Can the Attorney-General, in a few words, give us some information as to the constitution of the Admiralty prize courts? If it be necessary to extend the law relating to prize courts in regard to aircraft, are steps being taken to see that there is on those courts someone with a special knowledge of aircraft? I do not recollect in any detail what the prize law is, but I am certain that it would be an advantage to the constitution of these courts to have sitting on them someone with specialised knowledge of aircraft.

The Attorney-General

That is a matter which can be dealt with in rules. It is not, of course, necessary for me to give an exhaustive description of prize courts, but, broadly speaking, our own Admiralty Court is a prize court. Prize courts in the colonies can be set up under the Colonial Courts of Admiralty Act, 1890. It may be desirable in aircraft cases to have an aircraft assessor sitting on the court, and the suggestion is one for which I am grateful to the hon. Member. It would not be an appropriate matter to be dealt with in this Bill, but I repeat that I am grateful to the hon. Member for having drawn our attention to it.

Mr. A. V. Alexander

We have examined the Bill within the short time at our disposal, and we raise no objection to it.
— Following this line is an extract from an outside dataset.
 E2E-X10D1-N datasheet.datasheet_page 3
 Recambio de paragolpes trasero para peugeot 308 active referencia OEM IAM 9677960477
Question, "That the Bill be now read a Second time," put, and agreed to.

Bill read a Second time, and considered in Committee.

[Sir DENNIS HERBERT in the Chair.]

Clauses 1, 2 and 3 ordered to stand part of the Bill.

CLAUSE 4.(Extent of this Act and existing Prize Acts.)

Question proposed, "That the Clause stand part of the Bill."

Major Milner

Can the Attorney-General tell us now or later why Canada is omitted from the list? I notice that the rest of the Empire seems to have been covered. Perhaps there is some special explanation for this.

The Attorney-General

The Dominions not in the Bill are Dominions who desire to deal with the matter in their own legislation.

Question put, and agreed to.

Clause 5 ordered to stand part of the Bill.


Question proposed, "That this Schedule be the Schedule to the Bill."

Mr. Garro Jones

Will the Attorney-General explain the meaning of Part II of the Schedule, which provides that the provisions of the Naval Prize Act, 1864, are inapplicable in relation to aircraft or goods carried therein taken as prize? Is it the intention to exclude from this Bill the provisions of the Naval Prize Act in relation to awards respecting aircraft?

The Attorney-General

No, Sir. The Sections referred to are inapplicable to aircraft. For instance, Section 30 is a section which enables six ships of less than 100 tons to be included in one adjudication. Obviously, that section is inapplicable to aircraft. The various sections which are not included in the Bill are not applicable.

Question put, and agreed to.

Bill reported, without Amendment; read the Third time, and passed.